## 1- Coding
Seems like the following function has an error. The function returns random values from a list, given the weights. For example: weighted_random([1, 2, 3], [0.5, 0.3, 0.2]), should return  1 with 50% of probabilities, 2 with 30% and 3 with 20%. 

### Objective: 
Evaluate if there’s any error. If it has it, fix it with the proper explanation. 

In [1]:
import random 
def weighted_random(values, weights):
    total_weight = sum(weights)
    acum_weights = [w / total_weight for w in weights[:]]
    for i in range(len(weights)):
        acum_weights[i] += acum_weights[i]
    rand = random.random()     
    for value, weight in zip(values, acum_weights):
        if weight > rand:
            return value


Let's try first by analyzing the function results:

In [2]:
l = list()
for i in range(100000):
    l.append(weighted_random([1, 2, 3], [0.5, 0.3, 0.2]))
print("1: ",l.count(1),"\n2: ",l.count(2),"\n3: ",l.count(3))

1:  100000 
2:  0 
3:  0


The function seems to only give 1 as an answer.
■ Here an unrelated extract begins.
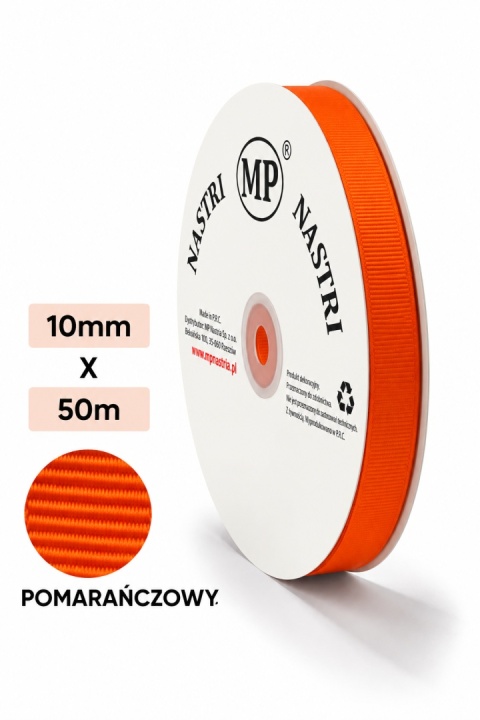WSTĄŻKA RYPSOWA POMARAŃCZ 50M X 1CM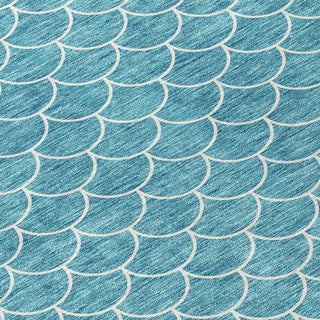 Piper Looms Chantille Geometric ACN933 Teal Machine Washable Area Rug Swatch Image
First we try by changing the way the variable is handled,  let's try again using an auxiliary variable, since we only have to return the value one time at the end of the iteration:

In [3]:
def weighted_random(values, weights):
    total_weight = sum(weights)
    acum_weights = [w / total_weight for w in weights[:]]
    for i in range(len(weights)):
        acum_weights[i] += acum_weights[i]
    rand = random.random()     
    for value, weight in zip(values, acum_weights):
        if weight > rand:
            result = value #Here
    return result


In [4]:
l = list()
for i in range(100000):
    l.append(weighted_random([1, 2, 3], [0.5, 0.3, 0.2]))
print("1: ",l.count(1),"\n2: ",l.count(2),"\n3: ",l.count(3))

1:  40121 
2:  19915 
3:  39964


We see different results, around:

    1 - 40%
    2 - 20%
    3 - 40%
    
    
Let's try by analyzing the way the weights are changed

In [5]:
def weighted_random(values, weights):
    total_weight = sum(weights)
    acum_weights = [w / total_weight for w in weights[:]]
    print(acum_weights)
    for i in range(len(weights)):
        acum_weights[i] += acum_weights[i]
    print(acum_weights)
    rand = random.random()     
    for value, weight in zip(values, acum_weights):
        if weight > rand:
            aux = value
    return aux
weighted_random([1, 2, 3], [0.5, 0.3, 0.2])

[0.5, 0.3, 0.2]
[1.0, 0.6, 0.4]


2

It's easy to see that acum_weights is normalizing the weights between 0-1.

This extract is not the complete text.